In Linux, the memory available from all banks is classified into "nodes". These nodes are used to indicate how much memory each bank has. Memory in each node is divided into "zones". The zones currently defined are ZONE_DMA
, ZONE_NORMAL
and ZONE_HIGHMEM
.
ZONE_DMA
is used by some devices for data transfer and is mapped in the lower physical memory range (up to 16 MB).
Memory in the ZONE_NORMAL
region is mapped by the kernel in the upper region of the linear address space. Most operations can only take place in ZONE_NORMAL
; so this is the most performance critical zone. ZONE_NORMAL
goes from 16 MB to 896 MB.
Why?
Part of memory is reserved for kernel data structures that store information about the memory map and page tables. This on x86 is 128 MB. Hence, of the 1 GB physical memory the kernel can access (on a typical configuration, 1GB is reserved for the kernel), 128MB is reserved. Hence the kernel virtual addresses in this 128 MB are not mapped to physical memory directly. This leaves a maximum of 896 MB for ZONE_NORMAL
. So, even if one has 1 GB of physical RAM, just 896 MB will be actually available for userspace.

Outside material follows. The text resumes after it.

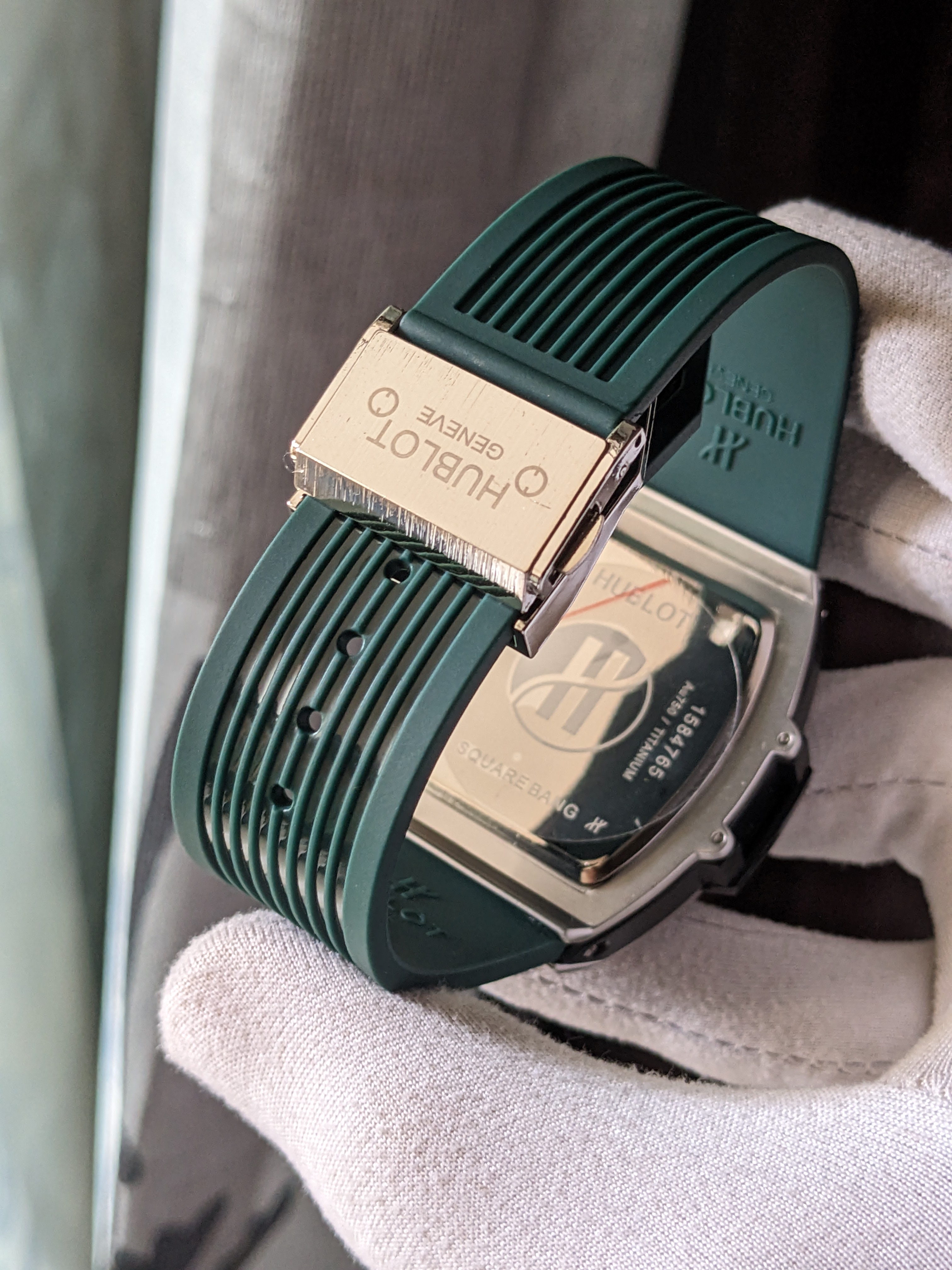 Hublot Green Square Quartz Watch_img_4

To better understand the subject, I suggest you have a look at Chapter 15 of Linux Device Drivers (pdf).
The reason why the kernel limits itself to 896 megabytes is for performance reasons.
The more space available to the kernel means less address space available to userspace. This 3/1 split means that the most amount of address space a user process can allocate is 3 gigabytes -- of course, due to memory fragmentation, in practice it seems to start failing around 2.5 gigabytes.
Different splits are available: 2/2 and 1/3 splits that allocate two gigabyte address space for the kernel and two gigabytes for userspace, and three gigabytes for the kernel and one gigabyte address space for userspace. (This firefox
is now consuming 1249 megabytes, so it couldn't fit into one of those 1/3 split kernels.)
There are some kernels (perhaps vendor-only?) that support what is known as the 4:4 split -- four gigabytes of address space for the kernel and four gigabytes of address space for userspace. These are extremely useful for the 32-bit systems that have 32 or 64 gigabytes of memory -- since a large system probably has many disks, a lot of IO in flight, and needs significant buffering for both block devices and network traffic. However, these 4:4 kernels require flushing the TLB cache on entering and exiting every system call. These TLB flushes introduce significant slowdowns on "small" systems and are only worth it on "large" systems where the extra memory can cache enough disk / network resources to improve the performance of the system.
The other splits don't incur this TLB flush because the TLB maintains a permissions bit indicating whether the pages are available when the CPU is in user state or supervisor state: the kernel pages are always mapped, but marked available only when the CPU's supervisor flag is set. So entering and exiting the kernel is fast, when exiting back to the process that entered the kernel. When context-switching, of course the TLB needs to be flushed then.